----- Material for the task -----

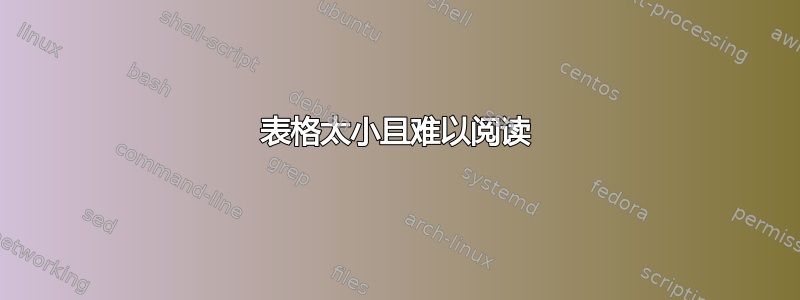 表格太小且难以阅读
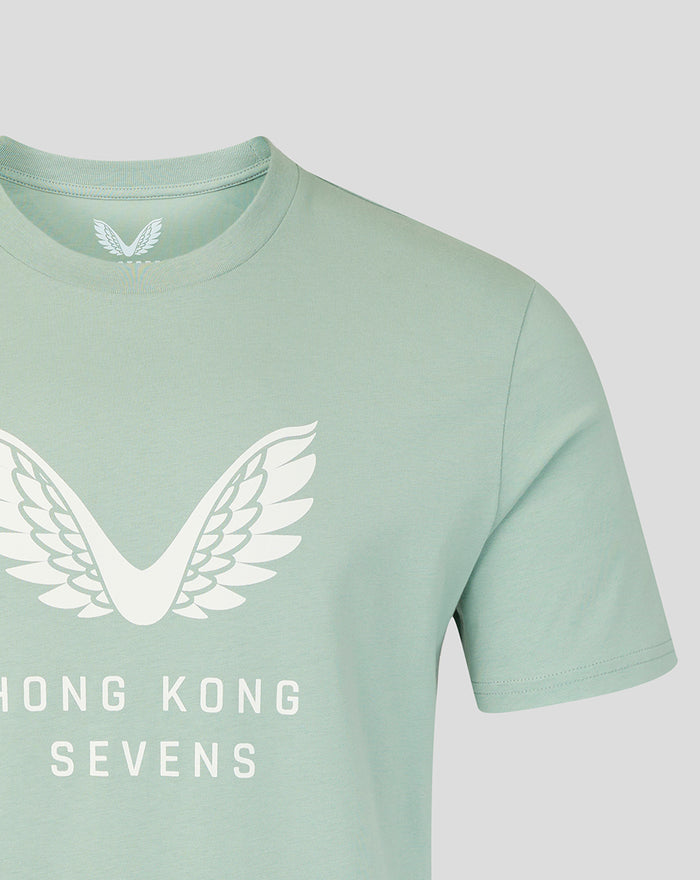 Aloe green Big Wings T shirt showing oversized white wings graphic and Hong Kong Sevens text on the chest.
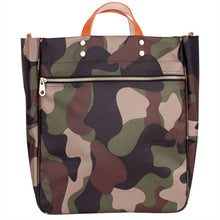 Load image into Gallery viewer, "Parker" Camo Nylon Tote with Leather Accents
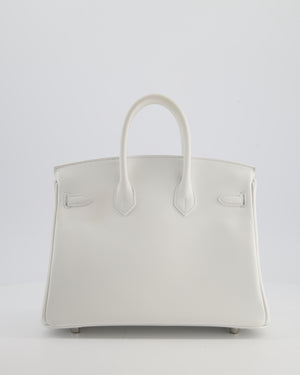 Hermès Birkin 25 Retourne Bag in New White Swift Leather with Palladium Hardware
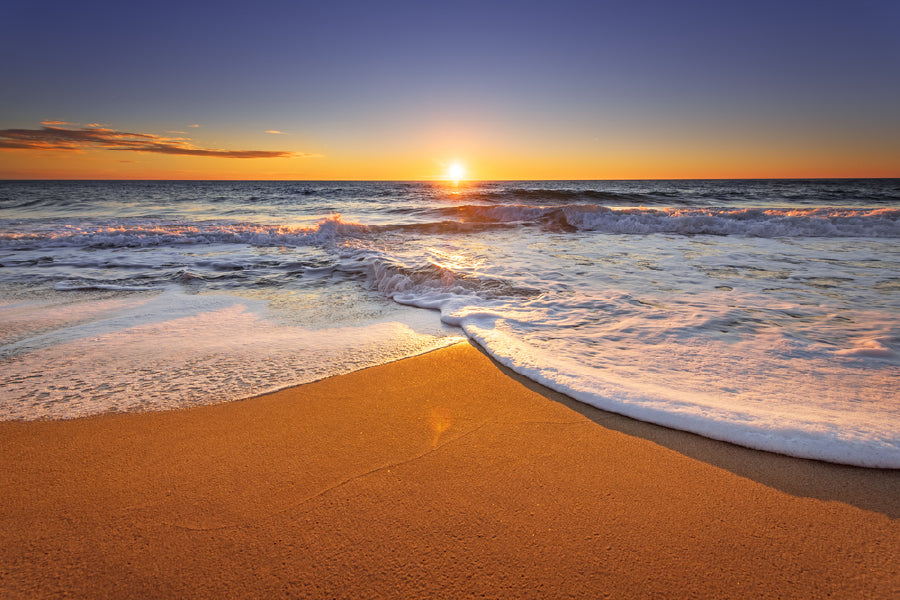 Ocean Waves & Seashore Sunset Scenery Photograph Home Decor Premium Quality Poster Print Choose Your Sizes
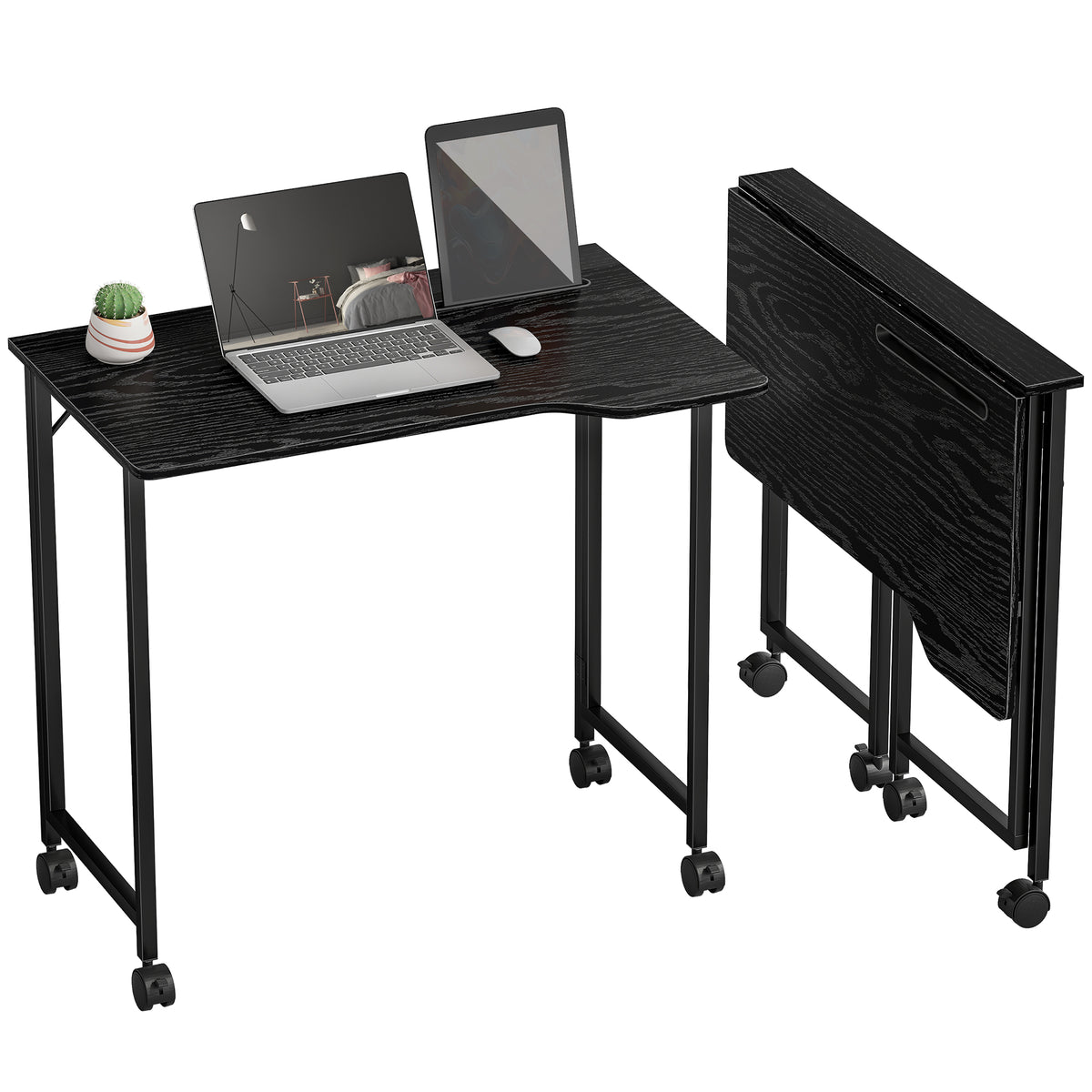 HOMCOM Small Writing Desk With Wheels, Folding Study Table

-----

> [Assigned task]: Please set down only the lines from the one containing "Hermès Birkin 25" through the end of the entries, exactly as they stand, both ends included and with no pictures.

> [Output]:
 Hermès Birkin 25 Retourne Bag in New White Swift Leather with Palladium Hardware
 Ocean Waves & Seashore Sunset Scenery Photograph Home Decor Premium Quality Poster Print Choose Your Sizes
 HOMCOM Small Writing Desk With Wheels, Folding Study Table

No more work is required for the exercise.